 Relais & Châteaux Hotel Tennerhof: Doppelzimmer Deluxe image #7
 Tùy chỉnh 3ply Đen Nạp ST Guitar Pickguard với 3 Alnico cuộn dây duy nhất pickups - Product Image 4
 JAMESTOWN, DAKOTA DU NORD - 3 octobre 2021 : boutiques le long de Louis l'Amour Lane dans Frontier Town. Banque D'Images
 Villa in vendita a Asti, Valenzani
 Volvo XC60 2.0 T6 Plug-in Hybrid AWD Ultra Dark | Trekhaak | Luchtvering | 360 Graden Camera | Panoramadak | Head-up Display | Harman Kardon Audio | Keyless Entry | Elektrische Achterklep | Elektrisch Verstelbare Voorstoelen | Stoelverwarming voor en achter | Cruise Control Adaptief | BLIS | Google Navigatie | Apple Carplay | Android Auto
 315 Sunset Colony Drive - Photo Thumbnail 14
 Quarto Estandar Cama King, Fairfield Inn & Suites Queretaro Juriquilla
------------------------------------------------
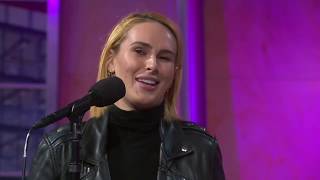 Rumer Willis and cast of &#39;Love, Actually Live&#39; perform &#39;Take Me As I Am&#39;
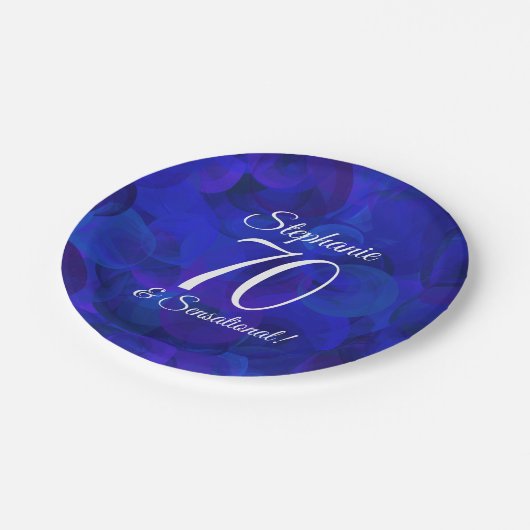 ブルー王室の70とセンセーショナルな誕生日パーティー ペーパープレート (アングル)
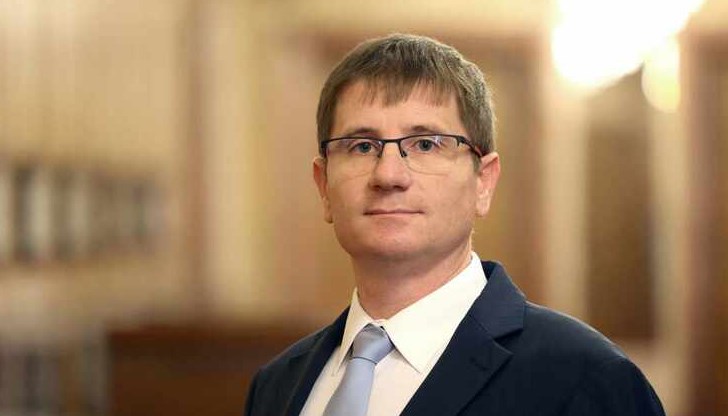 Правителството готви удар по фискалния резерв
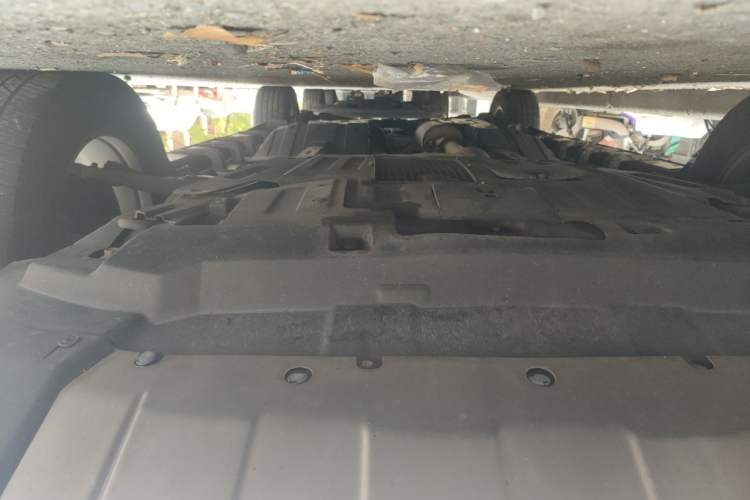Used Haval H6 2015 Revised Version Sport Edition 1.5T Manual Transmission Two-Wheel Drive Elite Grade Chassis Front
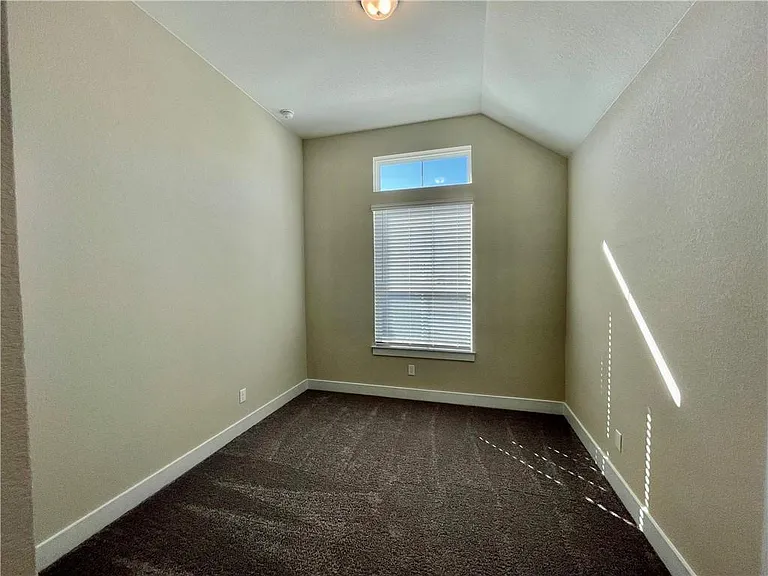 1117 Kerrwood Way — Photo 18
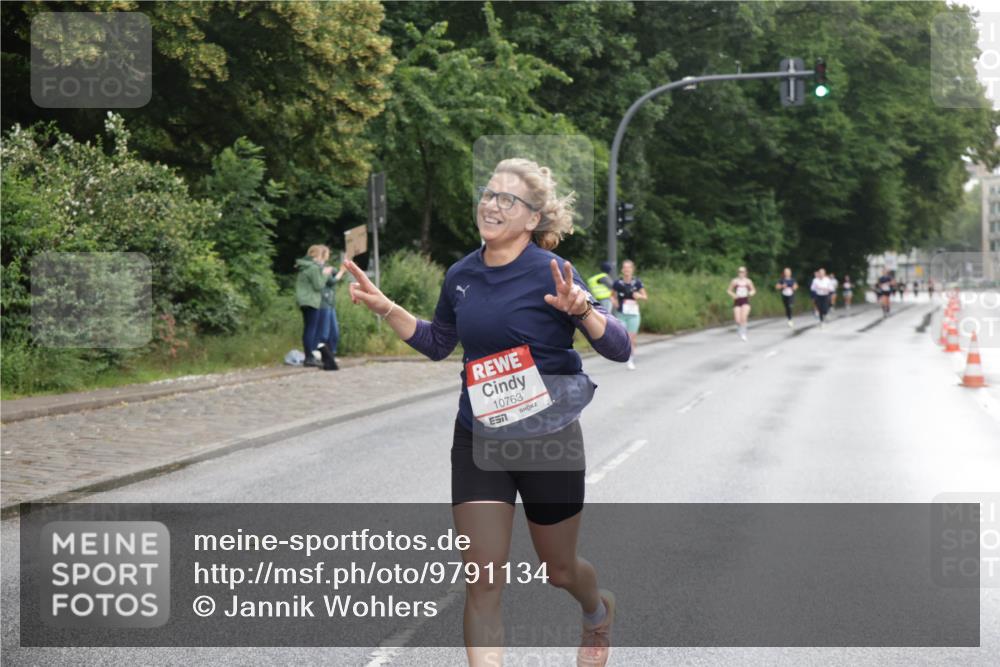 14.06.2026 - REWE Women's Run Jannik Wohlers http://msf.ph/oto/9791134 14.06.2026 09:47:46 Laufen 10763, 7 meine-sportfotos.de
------------------------------------------------
* **What to do**
Starting at the line that has "Tùy chỉnh 3ply" and ending at the line that has "Villa in vendita a Asti, Valenzani", please write out the lines above exactly, leaving out all others.

* **Reply to the exercise**
 Tùy chỉnh 3ply Đen Nạp ST Guitar Pickguard với 3 Alnico cuộn dây duy nhất pickups - Product Image 4
 JAMESTOWN, DAKOTA DU NORD - 3 octobre 2021 : boutiques le long de Louis l'Amour Lane dans Frontier Town. Banque D'Images
 Villa in vendita a Asti, Valenzani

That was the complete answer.